Wiedersehen: Visionärer Fassbinder

Wie viele Welten gibt es? Arte beginnt mit dem Zweiteiler „Welt am Draht“ eine Filmreihe zum 30. Todestag des Regisseurs.

Identitätseinheit 001, genannt Einstein (Gottfried John), läuft aus dem Ruder. Er will sich nicht mehr damit zufriedengeben, in der von Menschen geschaffenen virtuellen Welt zu leben. Er sehnt sich nach einer „echten“ Existenz, aber auch für die ganz und gar realen Menschen verschwimmen die Grenzen. Den neuen Projektleiter Fred Stiller (Klaus Löwitsch) treibt ein seltsames Phänomen um: Sicherheitschef Günther Lause (Ivan Desny), mit dem er eben noch auf einer Party plauderte, ist plötzlich verschwunden – und niemand will ihn je gekannt haben. Und als sich Stiller zu einem Besuch in die virtuelle Welt seines Computerprogramms Simulacron 1 transferieren lässt, läuft ihm dort Lause über den Weg.

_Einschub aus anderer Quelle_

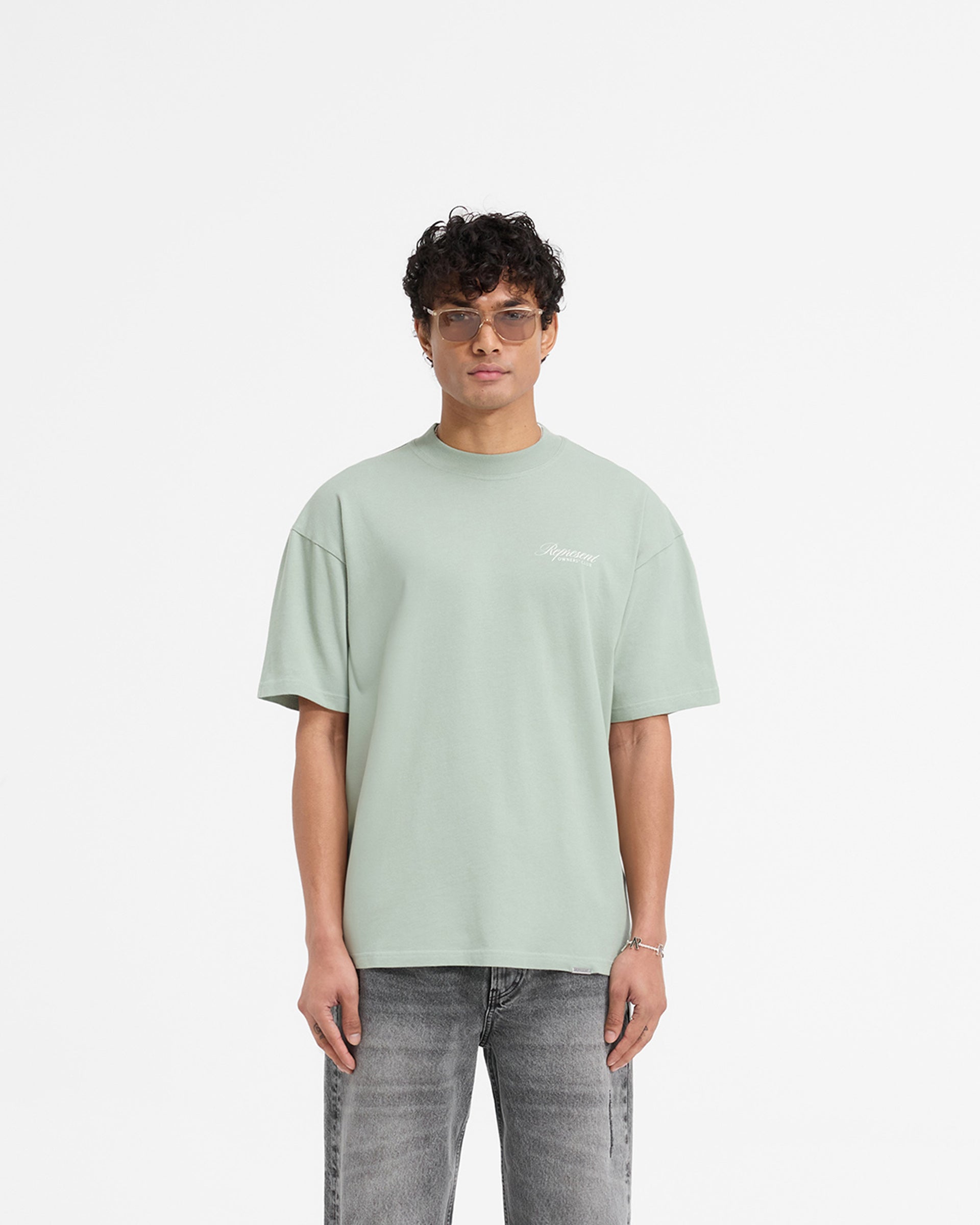 Represent X Ounass Owners Club Script T-Shirt - Lily Pad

Angesichts der Entwicklung der Computertechnologie, von „Second Life“ und anderer Erscheinungsformen künstlicher Welten in virtuellen Spielen war das visionäres Fernsehen, was da im Jahr 1973 in einem WDR-Zweiteiler über die Bildschirme flimmerte: „Welt am Draht“ von Rainer Werner Fassbinder, basierend auf dem Roman „Simulacron-3“ des amerikanischen Science-Fiction-Autors Daniel F. Galouye, der 1999 von Josef Rusnak in „The 13th Floor“ hollywoodtauglich ein zweites Mal verfilmt wurde. Bei Fassbinder führte Michael Ballhaus die Kamera durch eine zeitlos anmutende Kulisse voller Spiegel und Glasflächen, die das 200 Minuten lange philosophische Spiel reflektierte: Wie viele Welten gibt es? Was ist „echter“, die scheinbar reale Welt oder die reale Schein-Welt?

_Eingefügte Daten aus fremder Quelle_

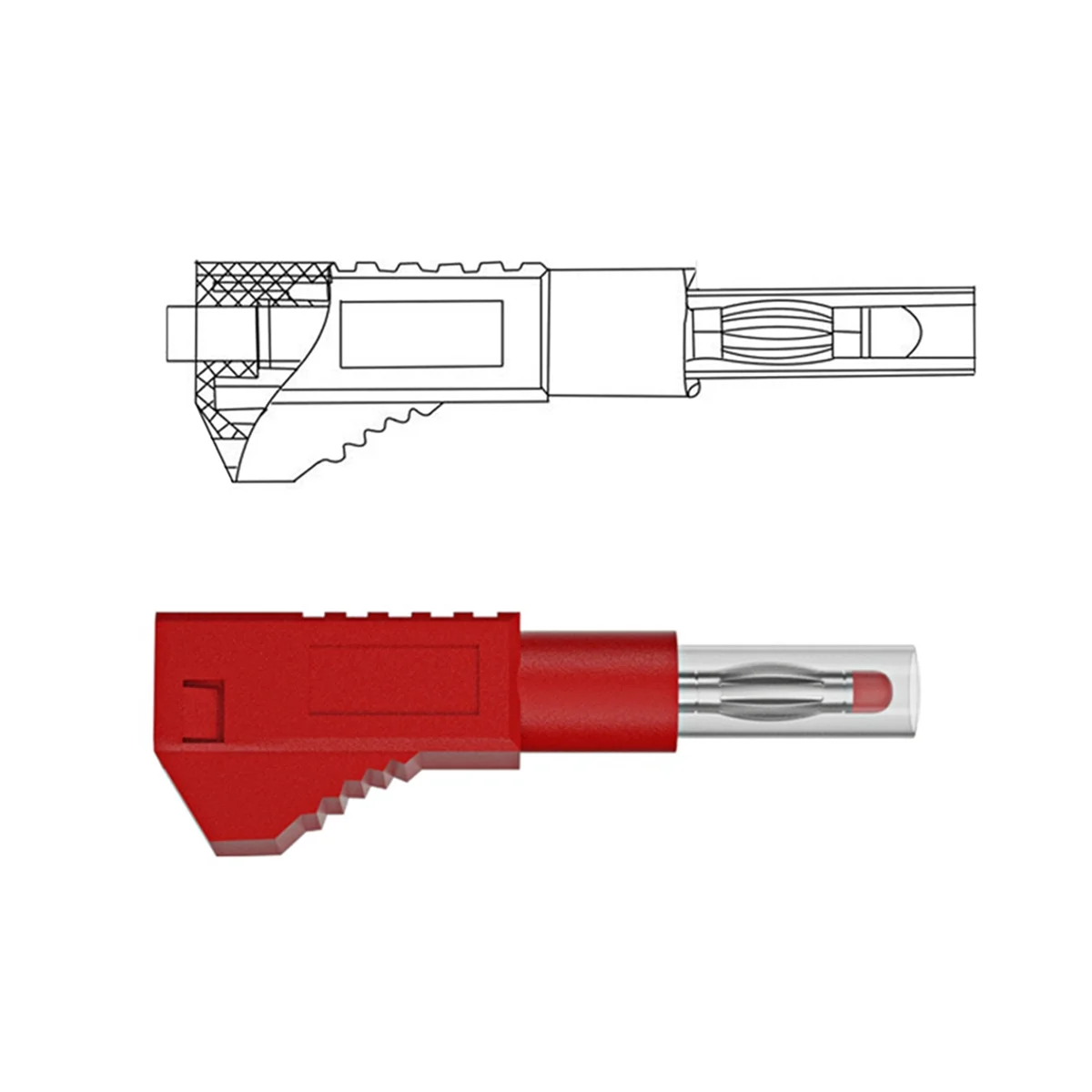 Cables de prueba multímetro, Cable de puente, línea de seguridad, conector Banana de 4mm, herramienta de prueba retráctil, rojo y negro, 2 uds.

Dass sich Menschen darin heillos verheddern können, ist heute erwiesen. Nebenbei bietet „Welt am Draht“ ein amüsantes Wiedersehen mit einer ganzen Reihe von (Fassbinder)-Stars, etwa mit Barbara Valentin, Karl-Heinz Vosgerau, Ingrid Caven, Günter Lamprecht, Kurt Raab und Margit Carstensen – ein tolles Stück deutscher Film- und Fernsehgeschichte.

Die restaurierte Fassung des Zweiteilers, die bei der Berlinale 2010 erstmals gezeigt wurde und auch auf DVD und Blu-ray erschienen ist, eröffnet als Fernsehpremiere die 13-teilige Arte-Reihe zum Todestag des am 10. Juni 1982 bereits im Alter von 37 Jahren verstorbenen Regisseurs. Sie umfasst auch selten ausgestrahlte frühe Werke wie Fassbinders erste Kurzfilme „Das kleine Chaos“ (11. Juni, 23 Uhr 40) und „Der Stadtstreicher“ (25. Juni, 23 Uhr 55) sowie die Spielfilme „Händler der vier Jahreszeiten“ (11. Juni, 20 Uhr 15) und „Liebe ist kälter als der Tod“ (25. Juni, 22 Uhr 30). Und nachdem 3sat kürzlich mit „Die Sehnsucht der Veronika Voss“ und „Lola“ Teil zwei und drei von Fassbinders BRD-Trilogie ausgestrahlt hatte, liefert Arte mit „Die Ehe der Maria Braun“ (18. Juni, 20 Uhr 15) nun Teil eins nach.